Don resümiert auf der Blogbar über Blogs und das Web 2.0 als Ganzes:
Web2.0 – oder Web 2.0? – oder Internet 2.0, der Buzzwords gibt es viele – wird kommen. Noch nicht dieses Jahr, aber 2006/7. Und zwar ganz gross. Auch hier in Deutschland. Ganz ohne Ironie, ich meine das Ernst. Denn Web 2.0 hat endlich, endlich wieder alle Zutaten, die es braucht, um ein Thema wirklich gross zu machen. Es hat, im Umkehrschluss, alles, was Blogs nicht haben…. Allein die vorgebliche Dynamik von Web 2.0 wird dann seine Evangelisten auch zwingen, das langsam wachsende, sich kaum verändernde Bloggen als etwas Zurückgebliebenes wahrzunehmen. Tatsächlich passiert ja nicht viel Weltbewegendes in der Blogospäre, die ihre Kraft und Energie aus dem Alltag bezieht; wenn das PR-oletariat heute über Schneeballeffekte spricht, haben sie seit fast einem Jahr nichts anderes zu bieten als den einzigen Jamba-Fall bei Spreeblick.
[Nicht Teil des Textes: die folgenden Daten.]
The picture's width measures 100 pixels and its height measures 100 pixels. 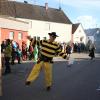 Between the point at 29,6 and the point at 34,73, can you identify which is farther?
the point at 29,6

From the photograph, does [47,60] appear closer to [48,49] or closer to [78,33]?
[48,49]

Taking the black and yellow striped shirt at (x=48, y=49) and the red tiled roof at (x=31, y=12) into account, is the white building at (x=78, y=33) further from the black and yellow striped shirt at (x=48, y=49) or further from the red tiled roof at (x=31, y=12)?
the black and yellow striped shirt at (x=48, y=49)

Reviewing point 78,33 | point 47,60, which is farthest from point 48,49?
point 78,33

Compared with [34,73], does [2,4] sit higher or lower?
higher

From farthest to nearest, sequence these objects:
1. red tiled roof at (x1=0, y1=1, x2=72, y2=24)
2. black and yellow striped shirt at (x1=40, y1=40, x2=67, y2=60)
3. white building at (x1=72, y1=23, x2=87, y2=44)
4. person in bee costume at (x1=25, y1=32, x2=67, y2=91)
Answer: white building at (x1=72, y1=23, x2=87, y2=44), red tiled roof at (x1=0, y1=1, x2=72, y2=24), black and yellow striped shirt at (x1=40, y1=40, x2=67, y2=60), person in bee costume at (x1=25, y1=32, x2=67, y2=91)

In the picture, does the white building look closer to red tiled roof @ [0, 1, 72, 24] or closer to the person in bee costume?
red tiled roof @ [0, 1, 72, 24]

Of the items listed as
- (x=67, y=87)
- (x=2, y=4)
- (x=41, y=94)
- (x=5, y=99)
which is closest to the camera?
(x=5, y=99)

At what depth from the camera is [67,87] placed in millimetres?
14414

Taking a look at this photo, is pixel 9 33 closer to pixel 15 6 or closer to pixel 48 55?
pixel 15 6

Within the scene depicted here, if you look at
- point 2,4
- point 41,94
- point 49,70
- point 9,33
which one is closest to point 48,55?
point 49,70

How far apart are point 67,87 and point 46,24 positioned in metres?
57.1

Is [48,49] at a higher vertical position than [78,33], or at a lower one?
higher

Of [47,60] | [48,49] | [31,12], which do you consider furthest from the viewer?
[31,12]

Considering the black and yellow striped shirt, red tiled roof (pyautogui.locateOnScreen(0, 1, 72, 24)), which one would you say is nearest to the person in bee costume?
the black and yellow striped shirt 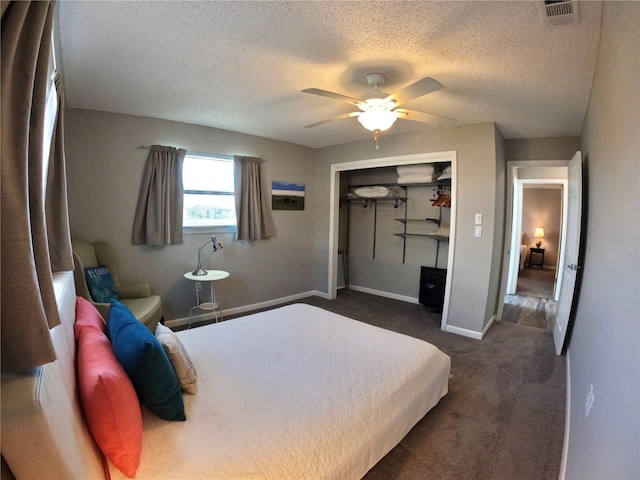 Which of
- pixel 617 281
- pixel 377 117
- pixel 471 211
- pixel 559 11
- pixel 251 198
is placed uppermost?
pixel 559 11

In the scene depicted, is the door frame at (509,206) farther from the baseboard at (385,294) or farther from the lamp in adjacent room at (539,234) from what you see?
the lamp in adjacent room at (539,234)

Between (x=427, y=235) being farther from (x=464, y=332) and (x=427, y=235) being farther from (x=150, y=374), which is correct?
(x=150, y=374)

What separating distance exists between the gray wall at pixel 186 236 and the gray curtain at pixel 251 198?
0.46 ft

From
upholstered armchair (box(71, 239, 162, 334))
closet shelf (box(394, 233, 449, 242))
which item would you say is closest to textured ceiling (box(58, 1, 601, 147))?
upholstered armchair (box(71, 239, 162, 334))

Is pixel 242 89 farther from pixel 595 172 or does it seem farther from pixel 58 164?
pixel 595 172

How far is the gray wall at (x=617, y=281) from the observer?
0.88 meters

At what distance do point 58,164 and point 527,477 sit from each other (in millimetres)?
3068

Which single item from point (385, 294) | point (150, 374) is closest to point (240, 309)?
point (385, 294)

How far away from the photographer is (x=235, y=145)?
405cm

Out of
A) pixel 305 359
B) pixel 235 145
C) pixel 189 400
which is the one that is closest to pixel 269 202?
pixel 235 145

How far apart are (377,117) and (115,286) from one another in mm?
2982

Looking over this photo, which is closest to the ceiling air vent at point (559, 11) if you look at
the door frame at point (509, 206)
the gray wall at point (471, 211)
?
the gray wall at point (471, 211)

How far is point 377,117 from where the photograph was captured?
2314 millimetres

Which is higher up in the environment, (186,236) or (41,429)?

Das ist nichts im Vergleich zu all den schnellen Stories, die Web 2.0 liefern kann. Die kläffenden Hunde werden weiterziehen in die Wüste Richtung Fata Morgana 2.o – die Blogkarawane wird grösstenteils an der Oase bleiben. Weil´s hier schön ist, und weil man ohne die nervenden Buzzköter in Ruhe vielleicht ja auch mehr hinbekommt als nur die lockere Clangesellschaft. Zum Beispiel eine Kultur.
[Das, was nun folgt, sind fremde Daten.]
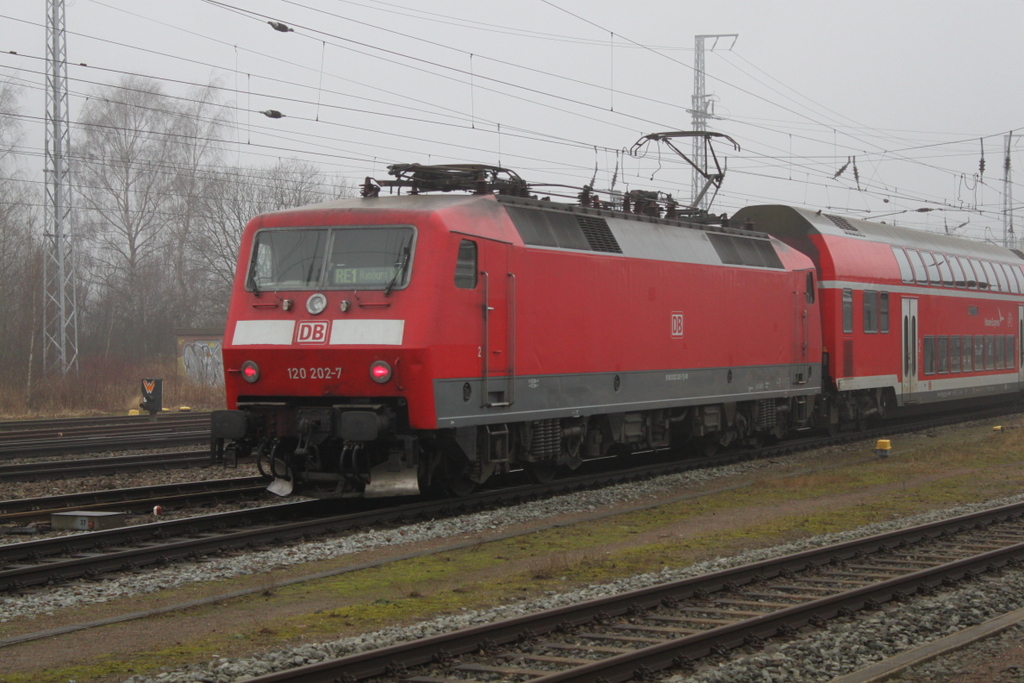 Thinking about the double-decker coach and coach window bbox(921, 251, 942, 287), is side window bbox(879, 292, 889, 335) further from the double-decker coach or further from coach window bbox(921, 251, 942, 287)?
coach window bbox(921, 251, 942, 287)

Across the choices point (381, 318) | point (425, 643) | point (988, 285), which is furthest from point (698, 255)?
point (988, 285)

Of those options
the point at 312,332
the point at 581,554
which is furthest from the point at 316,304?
the point at 581,554

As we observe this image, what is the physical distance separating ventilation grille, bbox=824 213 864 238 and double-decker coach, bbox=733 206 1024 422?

Don zielt anscheinend darauf ab, daß das ominöse Web 2.0 nichts mit Blogs zu tun hat und daß Blogs als Kulturbewegung ein Nischendasein fristen werden.
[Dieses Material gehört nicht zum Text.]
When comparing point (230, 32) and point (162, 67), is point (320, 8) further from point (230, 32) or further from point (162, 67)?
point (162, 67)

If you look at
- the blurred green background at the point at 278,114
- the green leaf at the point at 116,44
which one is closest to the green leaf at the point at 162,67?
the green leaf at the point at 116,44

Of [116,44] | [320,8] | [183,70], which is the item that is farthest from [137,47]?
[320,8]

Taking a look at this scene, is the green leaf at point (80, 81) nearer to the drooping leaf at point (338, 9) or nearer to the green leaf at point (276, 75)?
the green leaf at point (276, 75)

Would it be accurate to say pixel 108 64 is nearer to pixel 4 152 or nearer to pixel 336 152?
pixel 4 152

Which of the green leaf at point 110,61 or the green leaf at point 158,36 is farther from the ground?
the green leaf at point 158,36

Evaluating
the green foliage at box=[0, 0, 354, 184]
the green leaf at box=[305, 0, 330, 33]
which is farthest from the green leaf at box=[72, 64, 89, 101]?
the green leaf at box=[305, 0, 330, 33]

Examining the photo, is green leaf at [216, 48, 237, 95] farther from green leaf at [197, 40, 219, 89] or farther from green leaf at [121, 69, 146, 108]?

Ich kann leider Don nicht ganz folgen. Einerseits ist Web 2.0 so schwabbelig, daß man es kaum greifen, geschweige denn vernünftig beschreiben kann. Es hat ja schließlich keiner im Web über Nacht den Schalter umgelegt und am 23.12. ist das Netz nun von Web 1 auf Web 2 upgedatet worden. Und andererseits? Man sollte sich vom zu betrachtenden Objekt entfernen, um es besser erkennen zu können. Wieso? Statt im sprachlichen Überschall-Tiefflug Snapshots aufzunehmen und dann zu berichten, was man auf den verschlierten Fotos sieht, bringt es imho mehr, auf eine viel größere Flughöhe zu steigen. Um mögliche Muster von da oben besser erkennen zu können, sollten da welche zu erkennen sein, auch auf die Gefahr hin, daß man feine Details nicht mehr analysieren kann. Und das machen wir auch in der folgenden Betrachtung.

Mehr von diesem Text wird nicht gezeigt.